Refactoring Sport Entities with Elements

Up till pretty current years, sport programmers have persistently used a deep class hierarchy to signify sport entities. The tide is starting to shift from this use of deep hierarchies to a wide range of strategies that compose a sport entity object as an aggregation of parts. This text explains what this implies, and explores a few of the advantages and sensible concerns of such an strategy. I’ll describe my private expertise in implementing this method on a big code base, together with learn how to promote the thought to different programmers and administration.


Totally different video games have totally different necessities as to what’s wanted in a sport entity, however in most video games the idea of a sport entity is sort of comparable. A sport entity is a few object that exists within the sport world, often the item is seen to the participant, and often it could possibly transfer round.

Some instance entities:

  • Missile
  • Automobile
  • Tank
  • Grenade
  • Gun
  • Hero
  • Pedestrian
  • Alien
  • Jetpack
  • Med-kit
  • Rock

Entities can often do numerous issues. Listed below are a few of the issues you may want the entities to do

  • Run a script
  • Transfer
  • React as a inflexible physique
  • Emit Particles
  • Play situated audio
  • Be packed up by the participant
  • Be worn by the participant
  • Explode
  • React to magnets
  • Be focused by the participant
  • Observe a path
  • Animate


The standard means of representing a set of sport entities like that is to carry out an object-oriented decomposition of the set of entities we wish to signify. This often begins out with good intentions, however is continuously modified as the sport improvement progresses – notably if a sport engine is re-used for a special sport. We often find yourself with one thing like determine 1, however with a far better variety of nodes within the class hierarchy.

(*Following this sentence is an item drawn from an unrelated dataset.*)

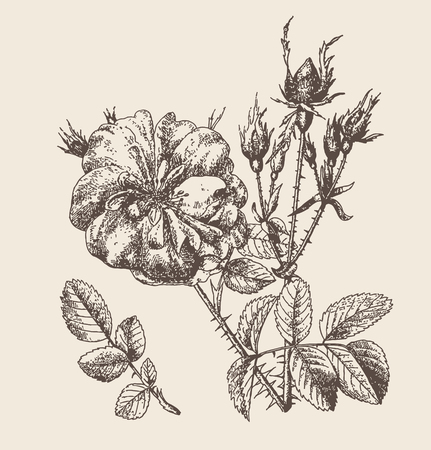 Rose Flower (retro style vector)のイラスト素材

As improvement progresses, we often want so as to add numerous factors of performance to the entities. The objects should both encapsulate the performance themselves, or be derived from an object that features that performance. Typically, the performance is added to the category hierarchy at some degree close to the basis, such because the CEntity class. This has the good thing about the performance being out there to all derived lessons, however has the draw back of the related overhead additionally being carried by these lessons.

Even pretty easy objects resembling rocks or grenades can find yourself with a considerable amount of further performance (and related member variables, and presumably pointless execution of member capabilities). Typically, the standard sport object hierarchy finally ends up creating the kind of object referred to as “the blob”. The blob is a traditional “anti-pattern” which manifests as an enormous single class (or a particular department of a category hierarchy) with a considerable amount of complicated interwoven performance.

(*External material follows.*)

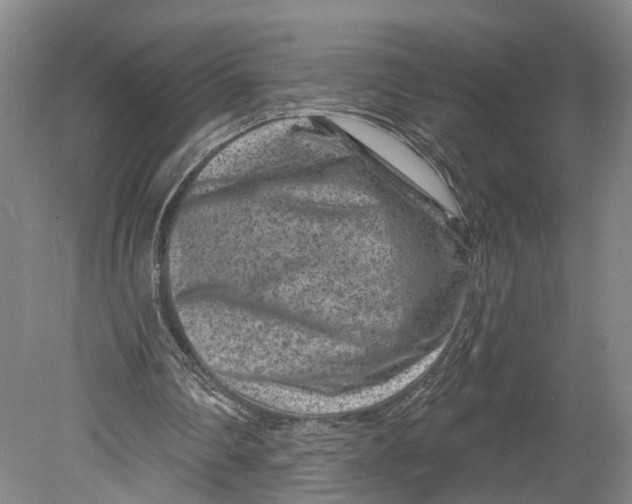 X0000080790290200701051401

Whereas the blob anti-pattern usually reveals up close to the basis of the item hierarchy, it’s going to additionally present up in leaf nodes. The more than likely candidate for that is the category representing the participant character. For the reason that sport is often programmed round a single character, then the item representing that character usually has a really great amount of performance. Often that is carried out as a lot of member capabilities in a category resembling CPlayer.

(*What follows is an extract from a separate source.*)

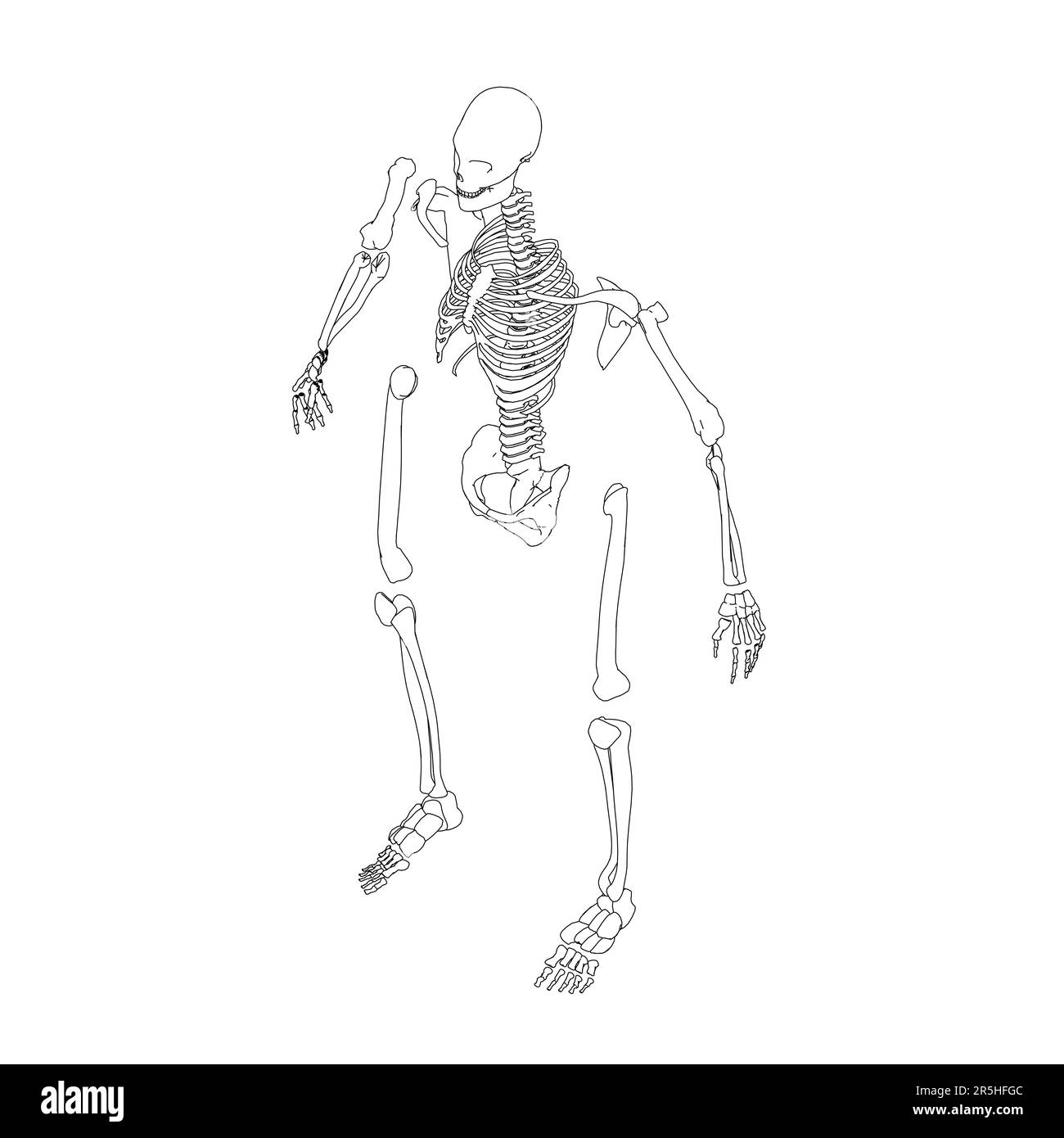 The contour of the disassembled human skeleton from black lines isolated on a white background. Isometric view. Vector illustration. Stock Vector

The results of implementing performance close to the basis of the hierarchy is an overburdening of the leaf objects with unneeded performance. Nonetheless, the alternative technique of implementing the performance within the leaf nodes may also have unlucky consequence. Performance now turns into compartmentalized, in order that solely the objects particularly programmed for that specific performance can use it. Programmers usually duplicate code to reflect performance already carried out in a special object. Finally messy re-factoring is required by re-structuring the category hierarchy to maneuver and mix performance.

Take for instance the performance of getting an object react underneath physics as a inflexible physique. Not each object wants to have the ability to do that. As you possibly can see in determine 1, we simply have the CRock and the CGrenade lessons derived from CRigid. What occurs after we wish to apply this performance to the autos? It’s a must to transfer the CRigid class additional up the hierarchy, making it increasingly more just like the root-heavy blob sample we noticed earlier than, with all of the performance bunched in a slim chain of lessons from which most different entity lessons are derived.


The element strategy, which is gaining extra acceptance in present sport improvement, is one among separating the performance into particular person parts which are largely impartial of each other. The standard object hierarchy is distributed with, and an object is now created as an aggregation (a set) of impartial parts.

Every object now solely has the performance that it wants. Any distinct new performance is carried out by including a element.

A system of forming an object from aggregating parts might be carried out in one among 3 ways, which can be considered as separate phases in shifting from a blob object hierarchy to a composite object.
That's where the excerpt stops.